[STORED DATA]:
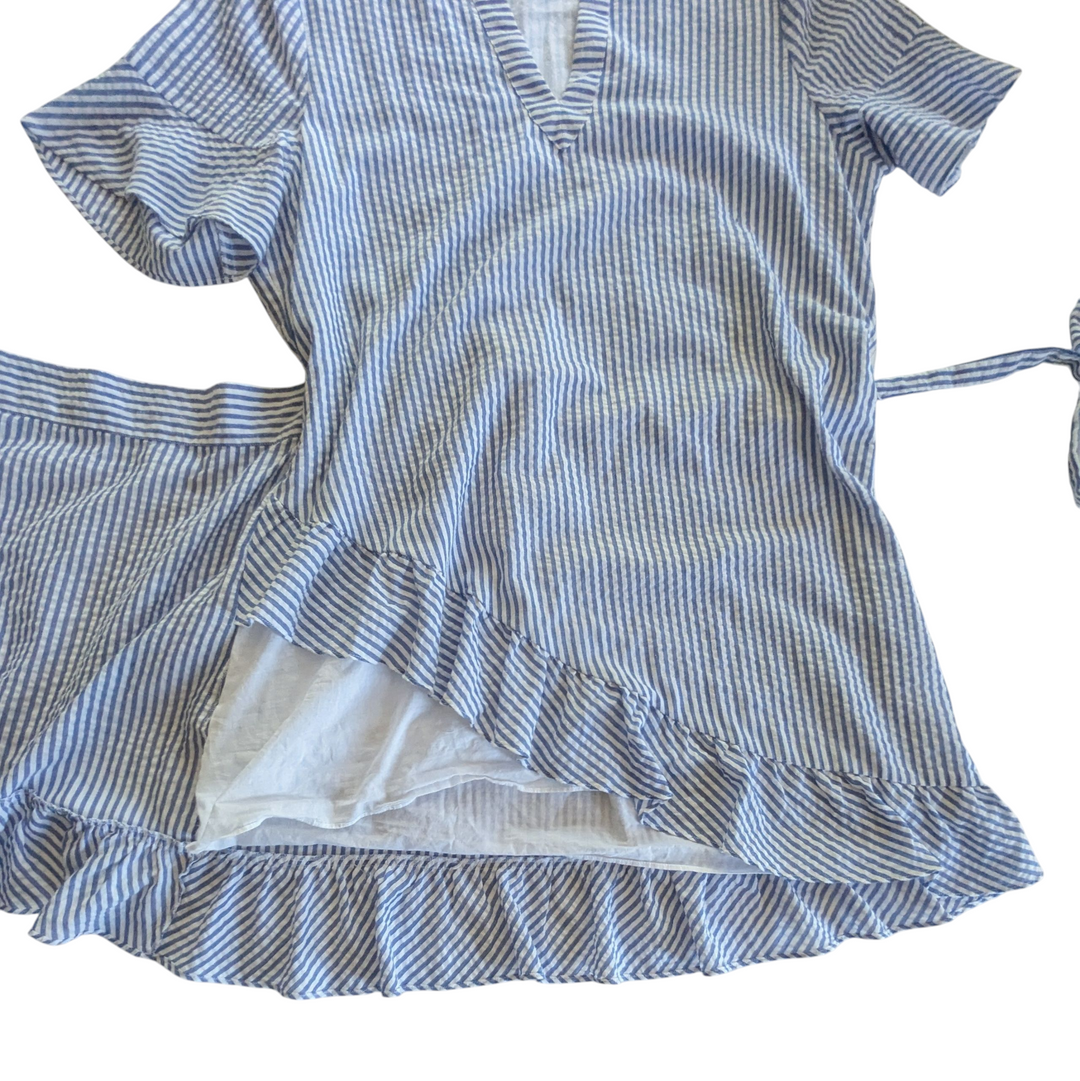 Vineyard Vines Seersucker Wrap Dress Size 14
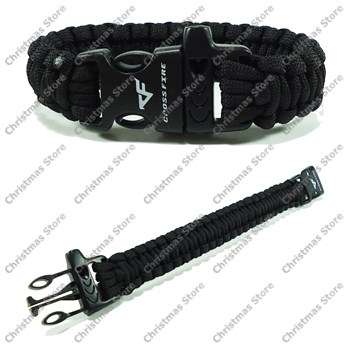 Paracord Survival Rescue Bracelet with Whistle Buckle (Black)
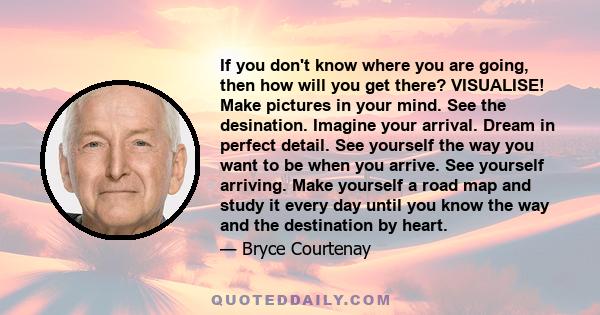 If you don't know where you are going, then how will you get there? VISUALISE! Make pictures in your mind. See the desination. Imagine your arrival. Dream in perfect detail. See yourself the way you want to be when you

[WORK INSTRUCTION]:
Print the data again word for word, pictures excluded.

[TASK RESULT]:
 Vineyard Vines Seersucker Wrap Dress Size 14
 Paracord Survival Rescue Bracelet with Whistle Buckle (Black)
 If you don't know where you are going, then how will you get there? VISUALISE! Make pictures in your mind. See the desination. Imagine your arrival. Dream in perfect detail. See yourself the way you want to be when you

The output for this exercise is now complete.